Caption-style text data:
==*==

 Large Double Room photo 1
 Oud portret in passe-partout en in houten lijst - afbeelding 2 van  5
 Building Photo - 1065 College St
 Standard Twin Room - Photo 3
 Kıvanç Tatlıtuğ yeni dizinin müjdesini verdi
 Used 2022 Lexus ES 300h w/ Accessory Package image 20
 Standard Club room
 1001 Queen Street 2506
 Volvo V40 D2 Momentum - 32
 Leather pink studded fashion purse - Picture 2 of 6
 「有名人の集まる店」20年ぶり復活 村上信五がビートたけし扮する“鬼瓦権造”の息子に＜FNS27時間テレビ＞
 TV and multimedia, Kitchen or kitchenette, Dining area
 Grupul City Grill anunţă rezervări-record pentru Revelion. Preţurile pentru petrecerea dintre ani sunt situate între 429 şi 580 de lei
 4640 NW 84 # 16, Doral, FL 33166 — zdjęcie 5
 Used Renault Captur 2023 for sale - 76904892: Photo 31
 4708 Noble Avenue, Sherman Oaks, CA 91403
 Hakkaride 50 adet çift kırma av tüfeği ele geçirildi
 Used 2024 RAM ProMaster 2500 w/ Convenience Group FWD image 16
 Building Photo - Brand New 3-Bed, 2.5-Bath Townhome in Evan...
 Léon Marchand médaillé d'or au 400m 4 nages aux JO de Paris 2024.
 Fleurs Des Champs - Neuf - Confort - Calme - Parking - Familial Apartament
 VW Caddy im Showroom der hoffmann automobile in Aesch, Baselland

==*==

▶ **WHAT NEEDS TO BE DONE**
Your answer should be a single number, namely how many lines of the data above hold "Building".

▶ **RESPONSE AREA**
2